Work to be completed » Starting at the line below that contains "Karadağ. 4 Ağustos" and ending at the line that contains "Фонарь внутренний правый Honda Civic 4D 2007", retype each line exactly as it stands, but omit the pictures.

The input »
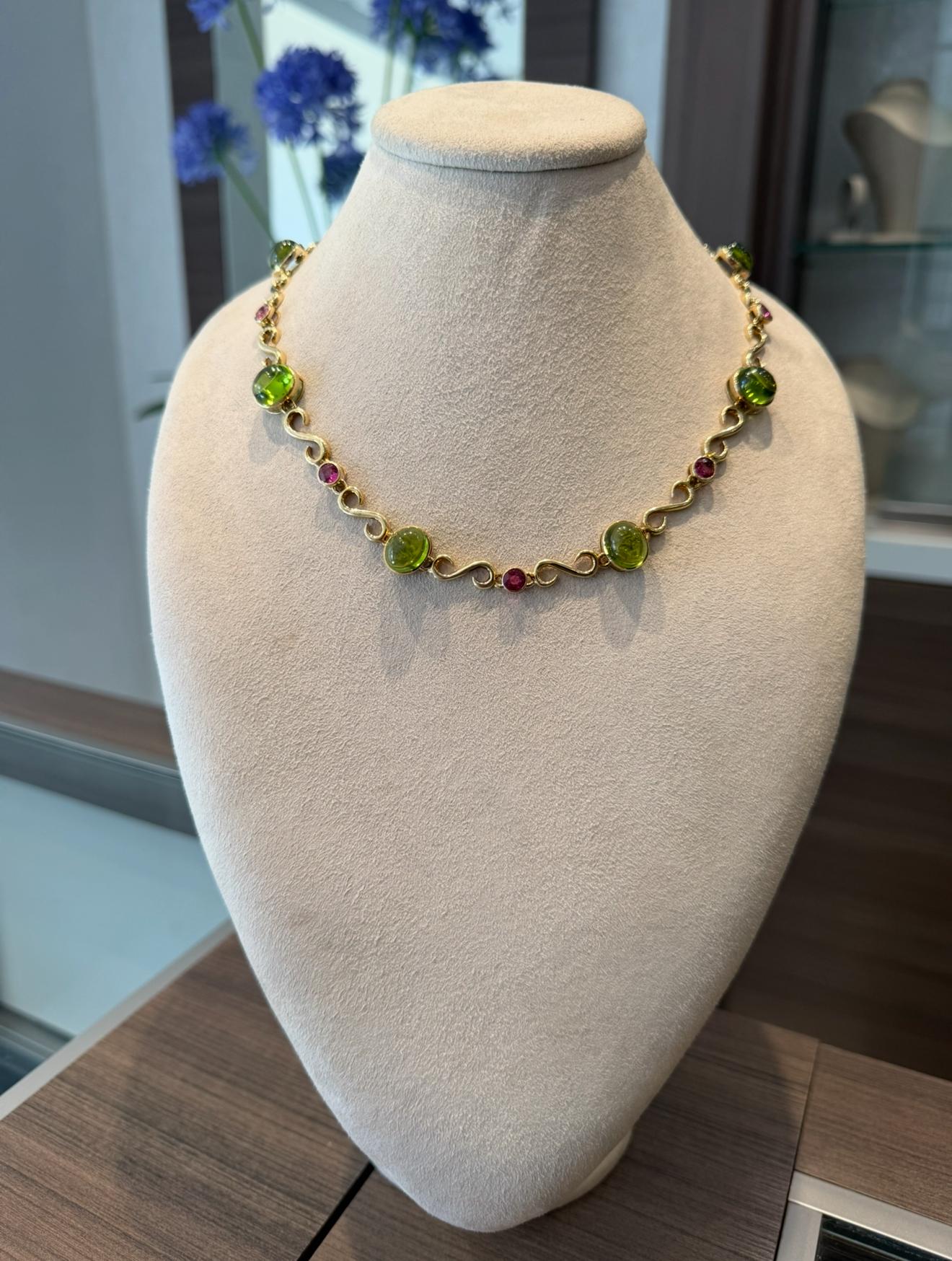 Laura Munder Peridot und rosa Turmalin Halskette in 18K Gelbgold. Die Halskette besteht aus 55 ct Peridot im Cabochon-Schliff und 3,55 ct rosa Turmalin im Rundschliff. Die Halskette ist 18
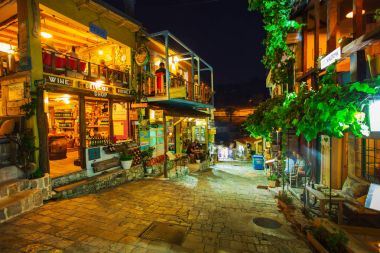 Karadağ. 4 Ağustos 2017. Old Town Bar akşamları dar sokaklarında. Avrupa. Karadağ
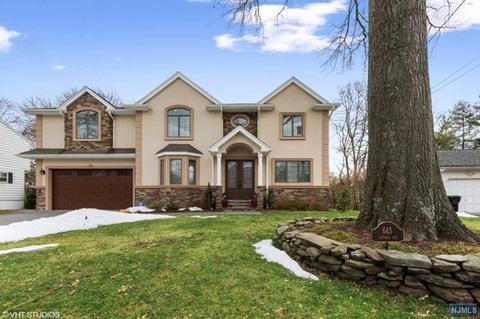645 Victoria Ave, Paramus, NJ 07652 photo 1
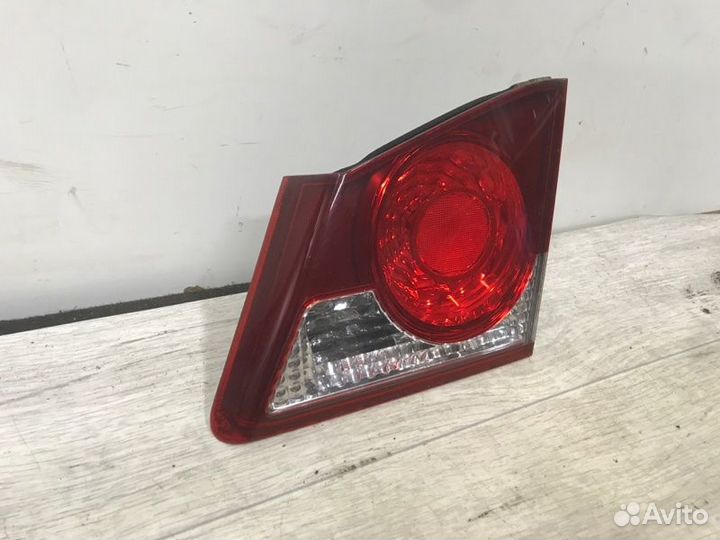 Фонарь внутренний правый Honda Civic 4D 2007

...

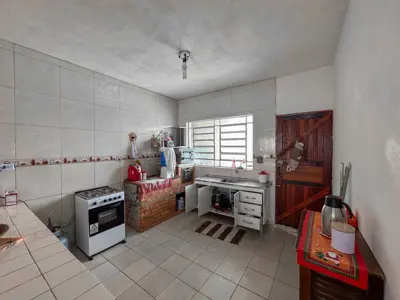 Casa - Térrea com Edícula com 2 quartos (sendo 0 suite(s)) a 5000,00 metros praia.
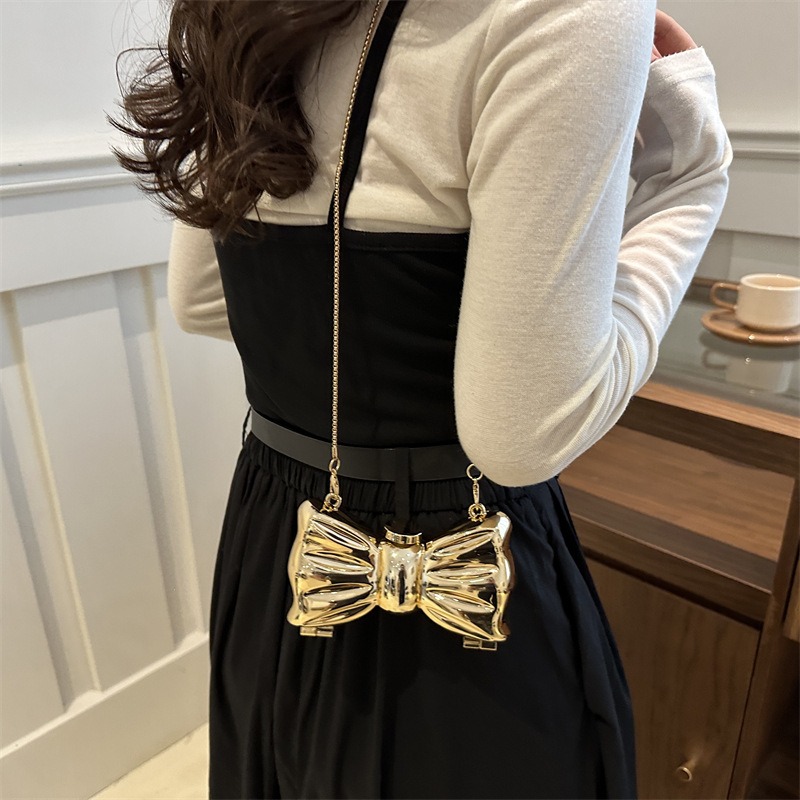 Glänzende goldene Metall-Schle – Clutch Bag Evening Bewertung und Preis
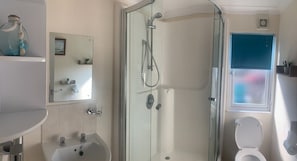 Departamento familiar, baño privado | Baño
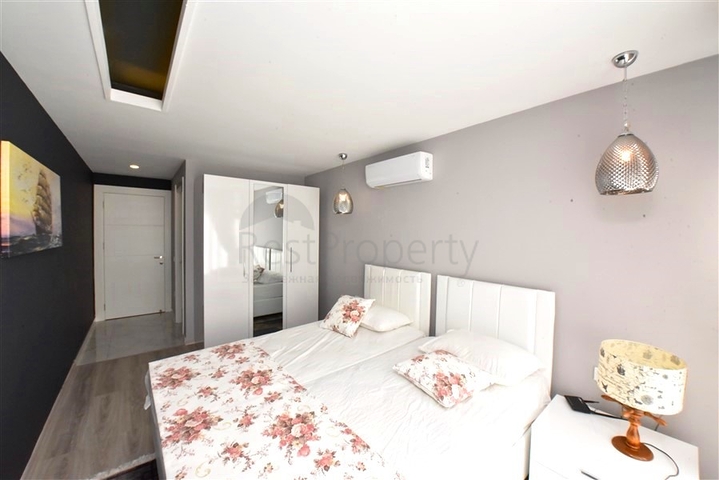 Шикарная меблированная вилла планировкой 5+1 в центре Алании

Result for this exercise »
 Karadağ. 4 Ağustos 2017. Old Town Bar akşamları dar sokaklarında. Avrupa. Karadağ
645 Victoria Ave, Paramus, NJ 07652 photo 1
 Фонарь внутренний правый Honda Civic 4D 2007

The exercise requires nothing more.